::: Collected data

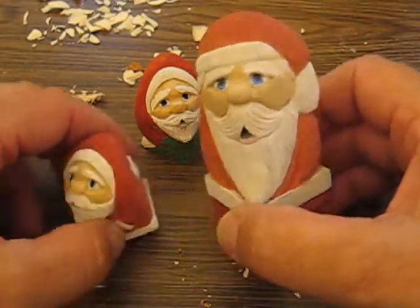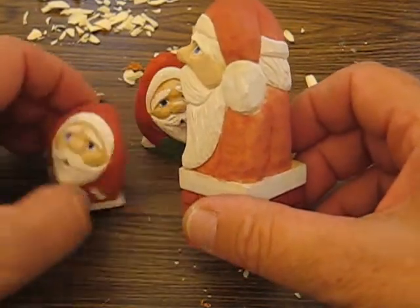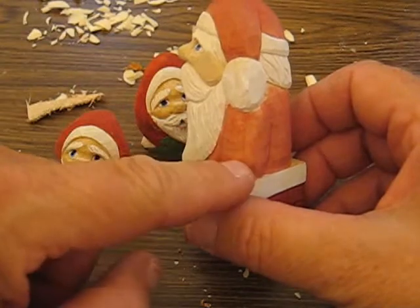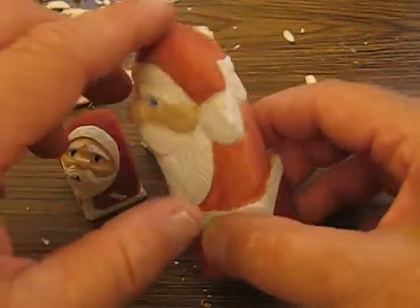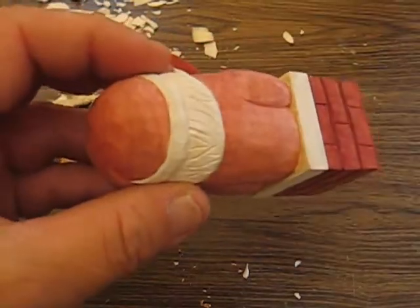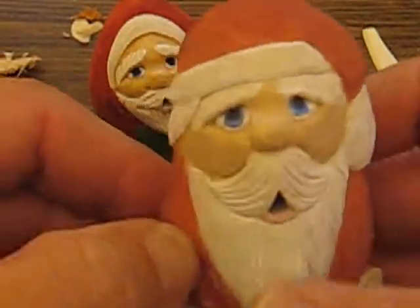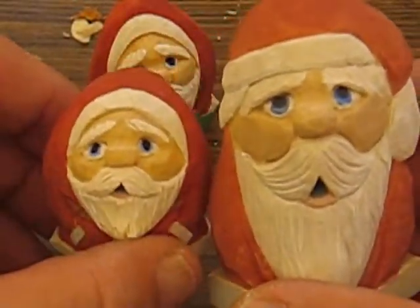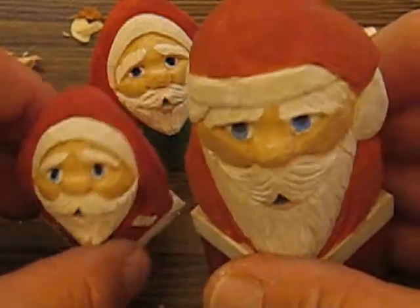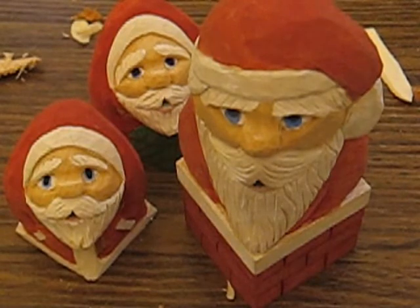Thank you very much for joining me. These are all painted just quickly — painted with a wash, which is a mixture of water and paint, painted so that you can see the grain and you can see the wood through it. Okay folks, thanks for joining me. If you're interested, by all means go to eBay and check them out. Thanks a lot, take care, bye-bye.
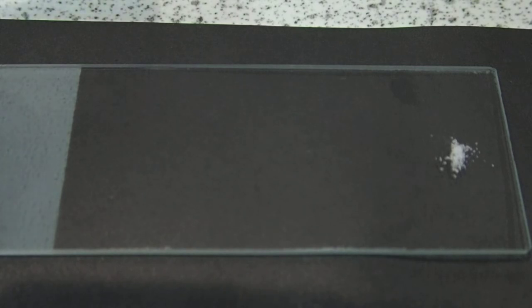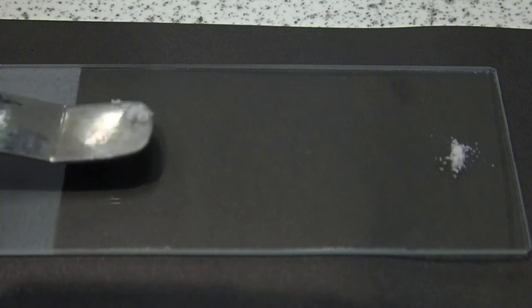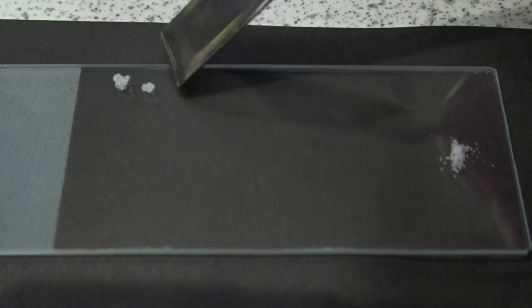First put on the lead nitrate, here's the potassium iodide, trying to get this slightly towards the top of the slide, and now push it together with the spatula.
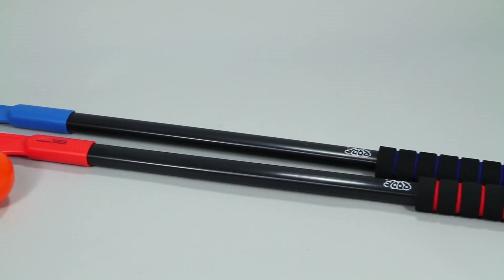Each hockey stick features a soft foam handle for easy gripping and are 36 inches long, which are the perfect size for kids starting to learn the game.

::::::

▸ The task
The expected result is the data above in exact form, free of pictures.

▸ Task result
Thank you very much for joining me. These are all painted just quickly — painted with a wash, which is a mixture of water and paint, painted so that you can see the grain and you can see the wood through it. Okay folks, thanks for joining me. If you're interested, by all means go to eBay and check them out. Thanks a lot, take care, bye-bye.
First put on the lead nitrate, here's the potassium iodide, trying to get this slightly towards the top of the slide, and now push it together with the spatula.
Each hockey stick features a soft foam handle for easy gripping and are 36 inches long, which are the perfect size for kids starting to learn the game.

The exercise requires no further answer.